Yönetmenliğini Bennett Miller'ın yaptığı, Brad Pitt'in bir beyzbol kulübü başkanını canlandıracağı ve ona Philip Seymour Hoffman’ın eşlik ettiği spor odaklı, başarıya giden yolu anlatan bu filmde; çalışmanın ve yoğunluğu yönetmenin önemi gerçekten çok güzel ve incelikle işlenerek seyirciye sunuluyor. Biraz da sporsever biriyseniz, tadından yenmeyecek güzellikte ve değeri azımsanan filmlerden birisi; izlemeye değer.
  
Wall Street (1987)
“The most valuable commodity I know of is information.”

1980’lerin iş dünyasına perde arkasının sürükleyici hikayesinin anlatıldığı filmde, Charlie Sheen tarafından canlandırılan hırslı ve genç bir borsacının, Michael Douglaas tarafından canlandırılan Wall Street efsanesi Gordon Gekko tarafından baştan çıkarılarak yasa dışı ve son derece kazançlı bir dünyaya adım atması anlatılıyor. Filmi izlerken, emek vermeden, kısa sürede kazanılan şeylerin bedelinin çok ağır olduğunu, Charlie Sheen ile birlikte keşfediyoruz.
 
Startup.com (2001)
“It’s about the money. Don’t BS me. It’s obviously about the money.”

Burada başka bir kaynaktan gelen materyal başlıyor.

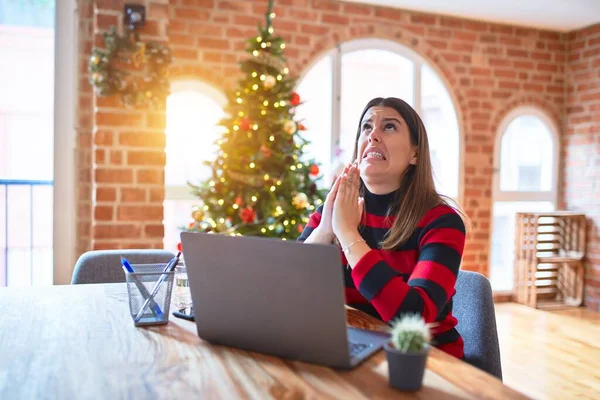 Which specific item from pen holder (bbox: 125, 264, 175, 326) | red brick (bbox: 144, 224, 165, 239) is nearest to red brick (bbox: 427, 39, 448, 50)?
red brick (bbox: 144, 224, 165, 239)

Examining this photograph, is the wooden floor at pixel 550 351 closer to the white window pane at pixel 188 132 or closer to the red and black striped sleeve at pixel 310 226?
the red and black striped sleeve at pixel 310 226

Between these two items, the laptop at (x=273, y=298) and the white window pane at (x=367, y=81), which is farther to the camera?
the white window pane at (x=367, y=81)

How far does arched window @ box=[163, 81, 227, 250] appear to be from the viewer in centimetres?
410

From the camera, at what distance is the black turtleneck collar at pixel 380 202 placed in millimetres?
1621

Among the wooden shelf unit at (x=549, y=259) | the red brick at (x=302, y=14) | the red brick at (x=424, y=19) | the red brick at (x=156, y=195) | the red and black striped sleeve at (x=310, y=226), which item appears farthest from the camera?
the wooden shelf unit at (x=549, y=259)

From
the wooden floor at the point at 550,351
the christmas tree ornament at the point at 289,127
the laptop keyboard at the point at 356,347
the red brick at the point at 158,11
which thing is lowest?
the wooden floor at the point at 550,351

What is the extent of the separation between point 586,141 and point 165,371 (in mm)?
4938

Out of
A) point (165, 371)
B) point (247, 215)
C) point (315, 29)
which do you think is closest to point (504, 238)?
point (315, 29)

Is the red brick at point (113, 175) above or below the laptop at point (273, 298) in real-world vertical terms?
above

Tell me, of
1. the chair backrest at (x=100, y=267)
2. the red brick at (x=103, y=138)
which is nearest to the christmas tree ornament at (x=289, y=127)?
the red brick at (x=103, y=138)

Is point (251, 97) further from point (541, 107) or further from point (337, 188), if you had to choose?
point (541, 107)

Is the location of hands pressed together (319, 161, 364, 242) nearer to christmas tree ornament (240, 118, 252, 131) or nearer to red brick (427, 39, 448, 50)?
christmas tree ornament (240, 118, 252, 131)

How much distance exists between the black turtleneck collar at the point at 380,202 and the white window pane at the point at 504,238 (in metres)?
3.82

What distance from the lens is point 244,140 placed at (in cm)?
344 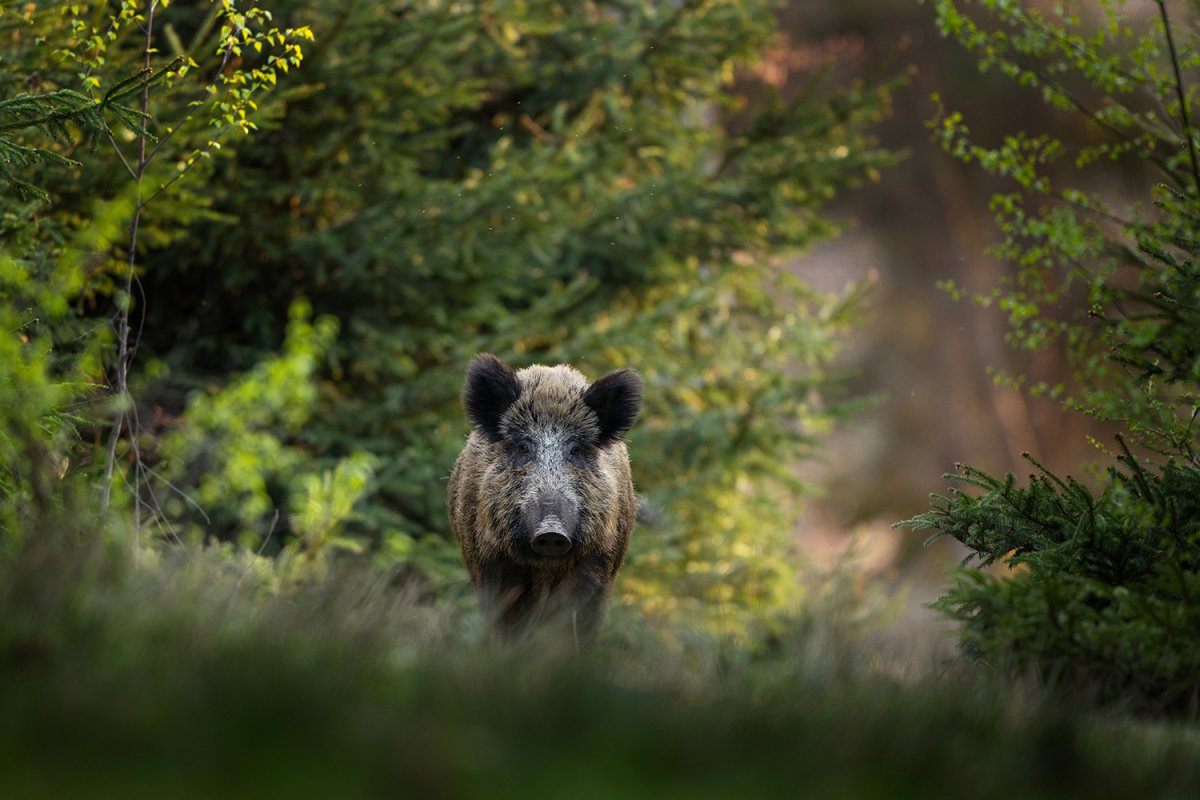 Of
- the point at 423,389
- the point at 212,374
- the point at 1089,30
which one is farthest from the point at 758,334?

2001 yılında çekilen bu belgesel, bir internet girişiminin geçirdiği evreleri iki arkadasin kurduktan sonra aynı hızla batmasına sebep oldukları govworks.com’u anlatmakta. 1998'de Public Data Systems olarak kurulan şirket, internetin patladığı yıllarda kendisini internet portalı olarak değiştirmeye çalışıyor. 2001 yılının Ocak Ayı’nda ise şirket, kurucuları tarafından First Data Corporation’a satılıyor. Ancak bu satış büyük bir zararla sonuçlanıyor ve girişimcilerin hayatta oldukları 3 yıl boyunca 60 milyon dolar harcadıkları tahmin ediliyor. Son derece doğru zamanda, doğru bir fikrin nasıl hüsranla sonuçlanabileceğini anlatan film, dersler çıkarmak üzere izlemek için oldukça faydalı.
 
Glengarry Glenn Ross (1992)
“I subscribe to the law of contrary public opinion... If everyone thinks one thing, then I say, bet the other way...”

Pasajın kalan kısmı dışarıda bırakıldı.